CBL0137, a novel NFkB suppressor and p53 activator, is highly effective in two independent pre-clinical mouse models of neuroblastoma — ASN Events

CBL0137, a novel NFkB suppressor and p53 activator, is highly effective in two independent pre-clinical mouse models of neuroblastoma (#136)
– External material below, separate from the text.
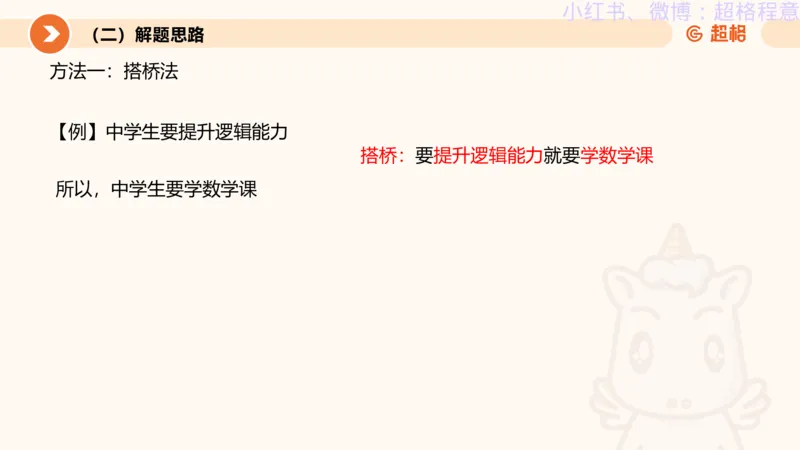 逻辑、定义、类比合版文件_20240911205332_2026考公资料_（05）超格_行测申论2025超格合集(行测&申论&政治理论)_判断2025超格判断推理全家桶狂刷1000题_思维导图合集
Jayne Murray 1 , Michelle Haber 1 , Laura Gamble 1 , Ashleigh Carnegie-Clark 1 , Hannah Webber 1 , Michelle Ruhle 1 , Andrew Gifford 1 , Daniel Carter 1 , Andre Oberthuer 2 , Matthias Fischer 2 , David Ziegler 1 , Glenn Marshall 1 3 , Katerina Gurova 4 , Catherine Burkhart 5 , Andrei Purmal 5 , Andrei Gudkov 4 , Murray Norris 1
  1. Children's Cancer Institute, RANDWICK, NSW, Australia
  2. Department of Pediatric Oncology and Hematology and Center for Molecular Medicine Cologne, University of Cologne, Cologne, Germany
  3. Kids Cancer Centre, Sydney Children's Hospital, Sydney, Australia
  4. Roswell Park Cancer Institute, Buffalo, NY, USA
  5. Cleveland BioLabs, Inc., Buffalo, NY, USA

Background: CBL0137 is a carbazole-based anti-cancer agent with a unique mechanism of action. It is an indirect inhibitor of the chromatin remodeling complex FACT (Facilitates Chromatin Transcription). Inhibition of FACT by CBL0137 modulates the activity of several transcription factors involved in cancer: NF-kB and HSF1 are suppressed, while p53 is activated (1).

 

Methods: Expression profiles of650 primary untreated neuroblastomas were analyzed for the expression of two FACT subunits, SSRP1 and SPT16, and related to clinical outcome. Colony-forming assays were used to study the effect of CBL0137, either alone or combined with chemotherapeutic drugs in human MYCN-amplified neuroblastoma cell lines. Cohorts of tumour-bearing TH-MYCN transgenic mice or human neuroblastoma (BE(2)-C) xenografted nude mice, were treated with CBL0137, alone or combined with chemotherapeutic drugs.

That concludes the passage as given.